Looking back through my blog postings, it doesn't appear that I've related my Margaret Thatcher anecdote. Not one to avoid jumping on a bandwagon, here it is.

So, I was in London on my own for the day. I think I'd had a meeting in the morning or something, so figured I'd do some wandering around in the afternoon. It was 1988, at a time that the nurses were on strike. I was walking down Whitehall and saw a crowd near the (at that time fairly new) gates to Downing Street, so I went over to have a look. There were camera crews around and it appeared that something newsworthy was due to happen.

I decided to go to the other end of Downing Street to have a closer look. The gates there are (well, were then) much nearer to Number 10 (around 20 yards or so) which meant you could get a very clear view of anyone going into or coming out of the building. There was no-one else at the gates when I arrived, and indeed I remained there on my own for the half an hour or so that I waited.

It definitely looked as if something televisual was on the cards. The camera crews were alert, rather than lounging around. I decided to wait and see, as I had nothing better to do. Sure enough, shortly afterwards a black limousine that was parked further down Downing Street started up and reversed into position outside Number 10.

It stayed there, engine running, for another five minutes or so, until suddenly the iconic Number 10 black front door opened and about three cameramen emerged walking backwards, immediately followed by the people they were filming: Margaret Thatcher, Rodney Bickerstaffe (general secretary of the National Union of Public Employees) and a couple of his assistants. Bickerstaffe and Thatcher shook hands and smiled at the cameras, then Bickerstaffe and his non-bickering staff got into the limousine and drove off.
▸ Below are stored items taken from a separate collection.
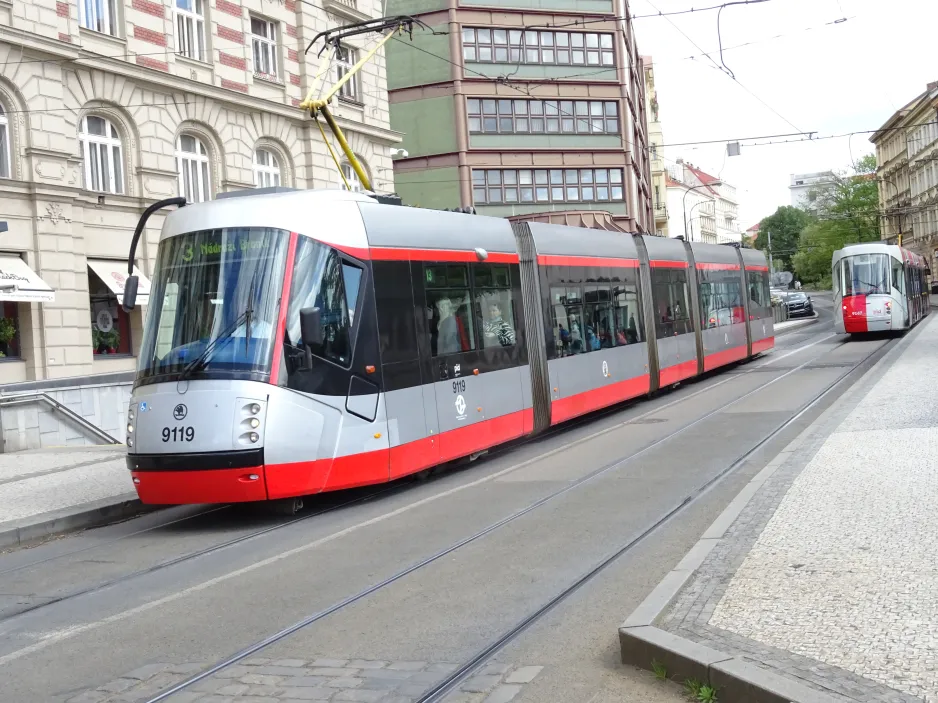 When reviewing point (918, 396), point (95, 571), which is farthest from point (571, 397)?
point (95, 571)

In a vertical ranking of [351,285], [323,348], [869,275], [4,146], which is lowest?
[323,348]

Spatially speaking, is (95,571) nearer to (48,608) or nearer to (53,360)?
(48,608)

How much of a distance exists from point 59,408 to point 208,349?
9627mm

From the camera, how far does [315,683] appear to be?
17.8 ft

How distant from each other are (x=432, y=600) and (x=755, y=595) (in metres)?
2.09

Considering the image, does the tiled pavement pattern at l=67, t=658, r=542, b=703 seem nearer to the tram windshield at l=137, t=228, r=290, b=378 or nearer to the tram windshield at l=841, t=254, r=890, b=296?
the tram windshield at l=137, t=228, r=290, b=378

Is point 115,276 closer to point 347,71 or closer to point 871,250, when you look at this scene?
point 347,71

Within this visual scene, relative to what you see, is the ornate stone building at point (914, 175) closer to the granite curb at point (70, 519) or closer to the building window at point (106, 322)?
the building window at point (106, 322)

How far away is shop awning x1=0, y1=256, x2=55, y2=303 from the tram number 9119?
42.7 feet

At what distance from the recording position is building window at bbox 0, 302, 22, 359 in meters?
22.5

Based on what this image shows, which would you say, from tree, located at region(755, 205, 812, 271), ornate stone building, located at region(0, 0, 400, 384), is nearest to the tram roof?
ornate stone building, located at region(0, 0, 400, 384)

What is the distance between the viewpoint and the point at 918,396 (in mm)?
17047

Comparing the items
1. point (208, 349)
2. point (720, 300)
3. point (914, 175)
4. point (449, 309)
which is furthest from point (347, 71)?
point (914, 175)

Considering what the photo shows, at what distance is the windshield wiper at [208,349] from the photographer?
1006cm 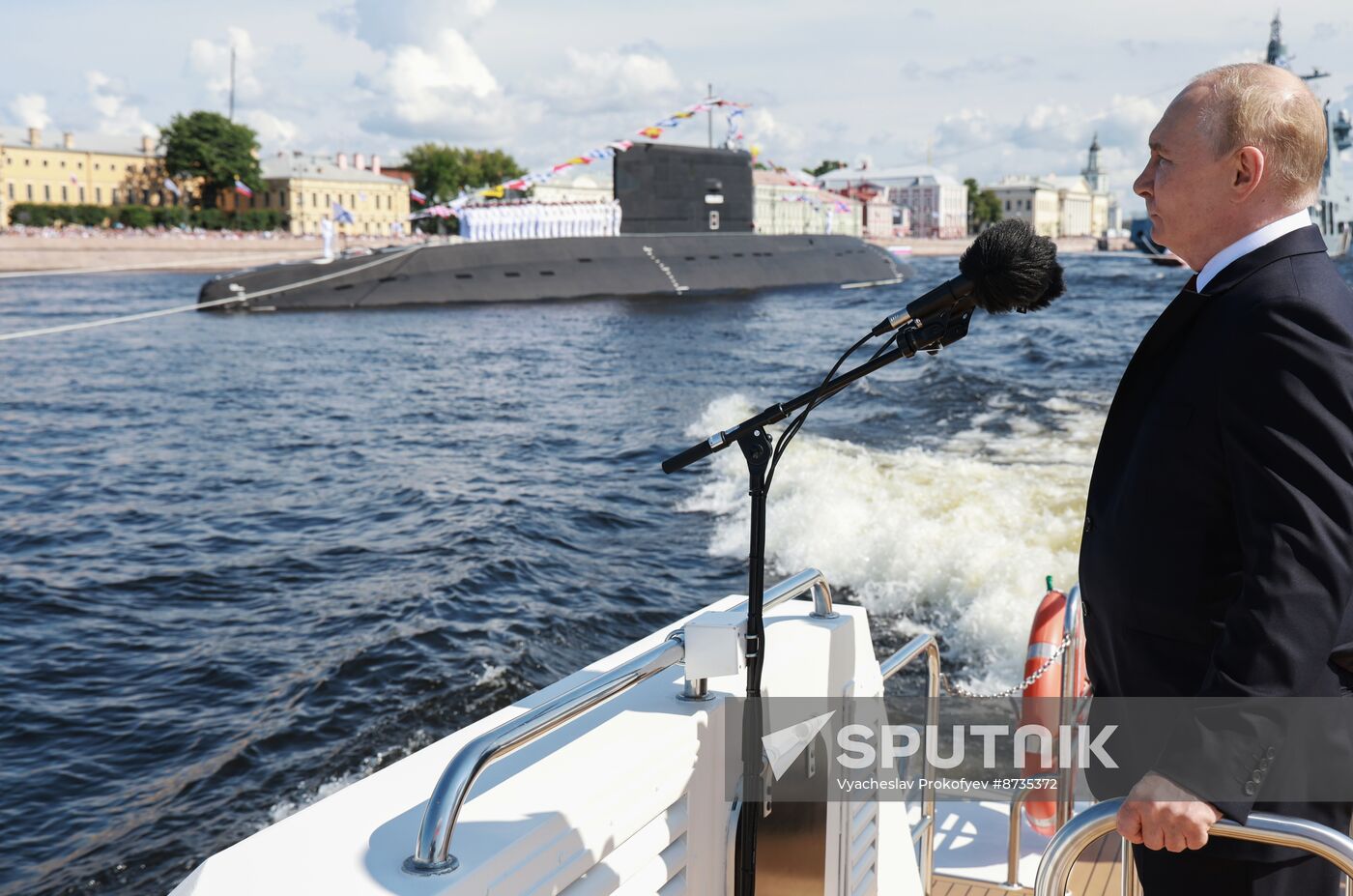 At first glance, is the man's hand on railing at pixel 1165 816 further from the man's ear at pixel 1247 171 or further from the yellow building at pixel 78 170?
the yellow building at pixel 78 170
They drove off for about 20 yards. Then, they stopped and the car reversed back in front of Number 10. Meanwhile, Thatcher was talking to the camera crews. Bickerstaffe got out of the vehicle and exchanged a few words with Thatcher and the camera people, then went and said something to the driver of the car. Bickerstaffe, Thatcher and the camera crew then went back inside Number 10 (I think the other people who had been with Bickerstaffe remained in the car) and the policeman closed the door.
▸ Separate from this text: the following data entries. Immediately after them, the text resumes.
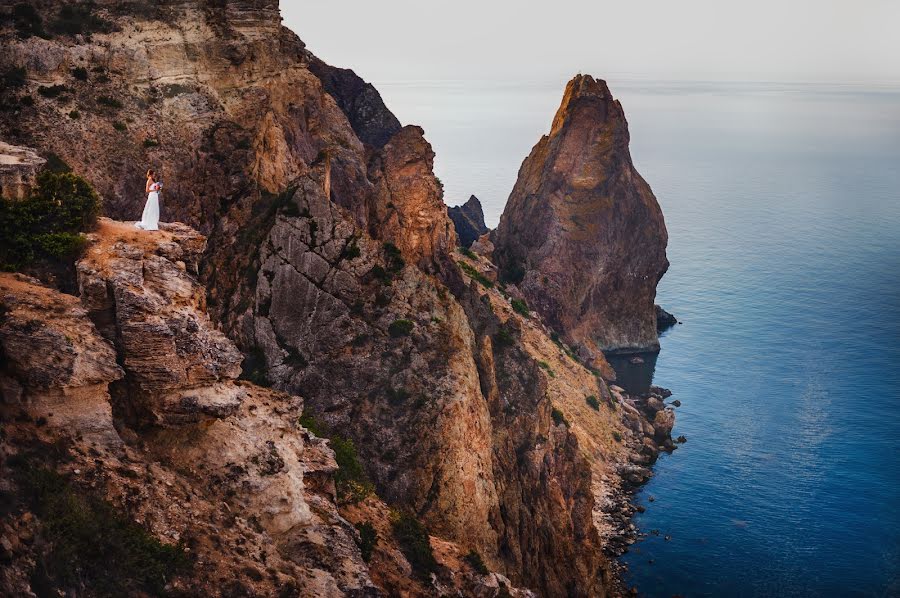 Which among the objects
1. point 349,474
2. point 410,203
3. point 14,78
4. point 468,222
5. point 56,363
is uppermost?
point 14,78

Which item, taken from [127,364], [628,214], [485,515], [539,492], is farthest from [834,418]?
[127,364]

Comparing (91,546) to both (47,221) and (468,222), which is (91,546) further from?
(468,222)

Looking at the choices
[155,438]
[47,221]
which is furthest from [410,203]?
[155,438]

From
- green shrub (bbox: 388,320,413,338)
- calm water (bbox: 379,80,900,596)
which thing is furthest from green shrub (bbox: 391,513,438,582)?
calm water (bbox: 379,80,900,596)

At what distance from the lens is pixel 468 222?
180m

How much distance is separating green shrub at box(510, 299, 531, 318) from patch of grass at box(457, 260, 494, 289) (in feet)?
14.4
About 20 seconds later, they repeated the whole exercise.

This second time the camera crews seemed satisfied, so Bickerstaffe didn't get out of the car. The gates at the other end of Downing Street were opened and the car left. Thatcher spoke to the camera crews for a few moments, I guess in case they wanted any pictures of her on her own, then she went back inside Number 10 and that was that.
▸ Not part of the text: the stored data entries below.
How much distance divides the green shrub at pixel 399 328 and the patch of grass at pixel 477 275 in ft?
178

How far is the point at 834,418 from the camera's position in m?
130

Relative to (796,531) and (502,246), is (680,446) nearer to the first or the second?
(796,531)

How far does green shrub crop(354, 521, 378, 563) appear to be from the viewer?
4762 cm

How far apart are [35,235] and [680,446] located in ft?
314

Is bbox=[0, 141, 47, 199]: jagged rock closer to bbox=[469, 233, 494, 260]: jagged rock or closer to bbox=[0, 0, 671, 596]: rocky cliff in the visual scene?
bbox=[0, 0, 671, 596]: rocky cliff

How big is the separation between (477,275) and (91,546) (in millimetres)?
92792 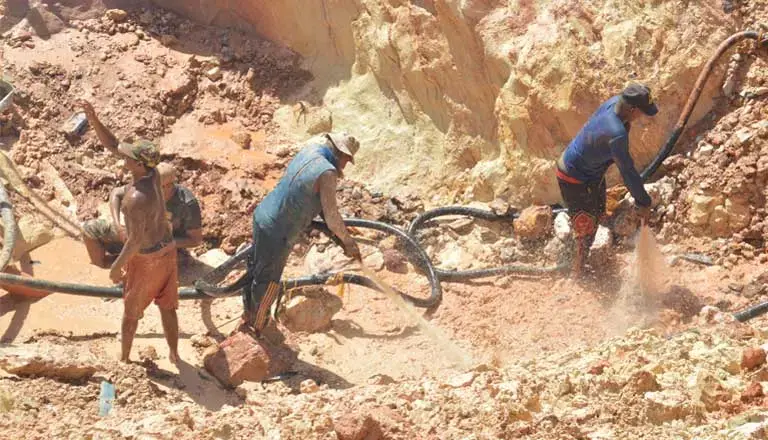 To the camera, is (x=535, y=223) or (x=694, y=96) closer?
(x=694, y=96)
When I got home, I watched the TV news and they showed the second take.

This incident really affected my view of TV news reports. I knew that reporters would mess their lines sometimes and have to do retakes, but I hadn't realised that camera crews might ask for the actual news events they were recording to be repeated. I had it in my head that it was like in football, where it would be ridiculous to say "we didn't quite get that Mr Hurst, could you score again?". Judging by the way that Thatcher and Bickerstaffe behaved, though, it was a perfectly normal occurrence in politics.

So that's my Margaret Thatcher anecdote.

Hmm. I see now why perhaps I didn't bother blogging it before. It's not exactly riveting...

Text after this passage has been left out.